Judge William Fletcher, U.S. Court of Appeals for the Ninth Circuit ()
SAN FRANCISCO — A Ninth Circuit ruling against FedEx on Wednesday may have repercussions for Lyft, Uber and other companies that classify their workers as independent contractors.
FedEx Ground Package System Inc. improperly labeled its California delivery drivers as contractors instead of employees, according to the appellate panel. As a result, the company illegally denied them wages and failed to reimburse them for driving expenses.
“Although our decision substantially unravels FedEx’s business model, FedEx was not entitled to write around the principles and mandates of California labor law,” Judge Stephen Trott wrote. Judge William Fletcher drafted the panel opinion. Trott and Judge Alfred Goodwin joined in a concurrence.
The case will be remanded back to U.S. District Judge Edward Chen in San Francisco federal court.
Massachusetts attorney Shannon Liss-Riordan, who represents drivers for Lyft Inc. and Uber Technologies Inc., said the ruling could have implications for putative class actions against the ride-share companies in the Northern District of California. Liss-Riordan’s clients argue they are entitled to California minimum wage, as well as reimbursement for gas and other work expenses.
“It’s a great decision,” she said. “The laws are pretty strict in preventing employers in California from shifting their business expenses to their workers under the guise of independent contractor misclassification.”
The FedEx ruling affects a class of 2,300 California drivers who worked full time for the company between 2000 and 2007. Drivers in about 40 other states brought claims as well, which were consolidated into multidistrict litigation proceedings in Indiana. In nearly every case, the federal judge in Indiana granted summary judgment to FedEx and ruled the drivers were lawfully classified as contractors.
But the appellate panel found FedEx exercised a “great deal of control” over its drivers, and therefore must give them employee benefits.
“FedEx controls its drivers’ clothing from their hats down to their shoes and socks,” Fletcher wrote.
During the time covered by the suit, FedEx drivers provided their own vehicles, but were required to paint the vehicles “FedEx white,” mark them with the company logo and install shelves of specific dimensions. The company didn’t dictate its drivers’ working hours, but required they work between 9.5- and 11-hour days and deliver packages within a specific window of time.

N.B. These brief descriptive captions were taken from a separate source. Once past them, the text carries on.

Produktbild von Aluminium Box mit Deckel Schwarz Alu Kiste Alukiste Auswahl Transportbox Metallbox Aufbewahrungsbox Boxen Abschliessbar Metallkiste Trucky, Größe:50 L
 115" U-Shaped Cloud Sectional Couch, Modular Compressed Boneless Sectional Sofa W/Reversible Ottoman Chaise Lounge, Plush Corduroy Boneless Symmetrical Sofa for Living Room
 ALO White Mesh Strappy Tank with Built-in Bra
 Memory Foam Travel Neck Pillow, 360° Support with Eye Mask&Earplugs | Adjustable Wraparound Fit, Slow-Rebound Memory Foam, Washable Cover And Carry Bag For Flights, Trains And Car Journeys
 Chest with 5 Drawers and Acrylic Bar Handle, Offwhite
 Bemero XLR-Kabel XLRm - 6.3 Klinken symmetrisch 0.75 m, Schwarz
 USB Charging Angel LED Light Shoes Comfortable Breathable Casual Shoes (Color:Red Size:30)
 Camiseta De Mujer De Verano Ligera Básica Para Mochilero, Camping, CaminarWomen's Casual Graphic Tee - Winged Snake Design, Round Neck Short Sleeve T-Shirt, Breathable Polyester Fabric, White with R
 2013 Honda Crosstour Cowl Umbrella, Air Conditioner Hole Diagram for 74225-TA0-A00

Represented by O’Melveny & Myers, FedEx argued it only dictated that drivers deliver packages in a timely and professional manner—drivers were free to execute the deliveries however they saw fit. The company also argued its operating agreement specified that drivers are contractors, not employees.
But calling employees contractors does not make it so, the appellate panel ruled.
“Calling a dog’s tail a leg does not make it a leg,” Trott wrote, quoting Abraham Lincoln.
Beth Ross of Leonard Carder in Oakland argued the case on behalf of plaintiffs. O’Melveny’s Jonathan Hacker in Washington, D.C., argued on behalf of FedEx.
The shipping company will seek en banc review of Wednesday’s decision, according to a news release. FedEx changed its business model in 2011 and now only contracts with incorporated businesses that treat their drivers as employees.
“We fundamentally disagree with these rulings, which run counter to more than 100 state and federal findings—including the U.S. Court of Appeals for the D.C. Circuit—upholding our contractual relationships with thousands of independent businesses,” said Cary Blancett, FedEx Ground senior vice president and general counsel, in a statement.
While Lyft and Uber don’t go as far as telling their drivers what hats and socks to wear, the companies do dictate what types of vehicles drivers can use and how they must interact with customers, Liss-Riordan said. Neither company responded to emails seeking comment Wednesday.
“This is an extremely common problem—that companies are using the independent contractor classification model as a way to shift its expenses to its workers,” Liss-Riordan said. “I would say that courts are coming down harder as of late on companies that have done this.”